Nasionalis adalah Cinta Tanah Air. Selaras dengan teologi pembebasan, bahwa nasionalisme harus berada pada koredor kemaslahatan rakyat. Dalam konteks berbangsa dan bernegara, nasionalisme santri harus berpegang teguh pada (politik) kebangsaan, kekuasaan, dan kerakyatan.

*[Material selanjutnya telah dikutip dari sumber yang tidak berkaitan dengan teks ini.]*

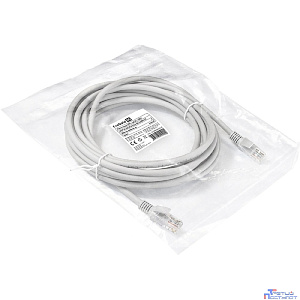Exegate EX290422RUS Патч-корд LSZH UTP-RJ45-RJ45-5e-10M-LSZH-GY, UTP, cat.5e, 10м, серый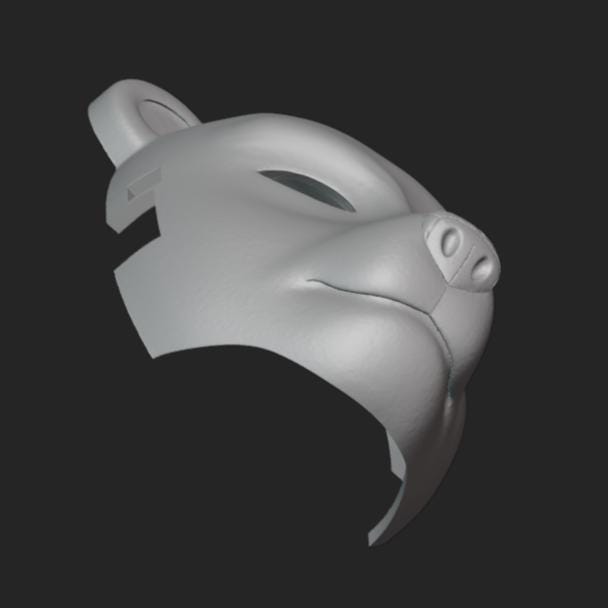 Polar Bear Mask Stl File | Polar Bear Mask Digital File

Kebangsaan berarti menjaga keutuhan negara Republik Indonesia,
kekuasaan berarti menempati pos-pos strategis dalam negara sebagai upaya
memperjuangkan aspirasi rakyat, dan kerakyatan yang berarti kemaslahatan rakyat
adalah tujuan utama. (Ternyata oh ternyata nasionalisme santri tuh begitu).
Nah tidak hanya itu,
nasionalisme santri harus dibarengi dengan pribadi yang berintelektual agar
tidak seperti daun kering yang ketika ada api akan tersulut kemana-mana. Bahasa
aktifisnya sih, tangan kanan membawa Al-Quran, Hadist, dan Kitab kuning. Tangan
kiri membawa buku-buku filsafat, buku kauniyah (Biogeofisik & Sosial),
serta teknologi.
Ada lagi yang benar-benar keren, siapa sangka di pesantren juga mempelajari tentang filsafat plato, aristoteles, descartes, abid aljabiri bahkan sampai mempelajari bagaimana dunia bekerja karya noam chomsky. Maka tak jarang jika pesantren kerap melahirkan para pemikir dan para intelektual. Yang terakhir, (kesan saya, hihihi) bahwa menjadi santri adalah menjadi pejuang.
Penulis: Ahmad Fahmil Aziz (Kandidat Magister Sejarah Universitas Gadjah Mada)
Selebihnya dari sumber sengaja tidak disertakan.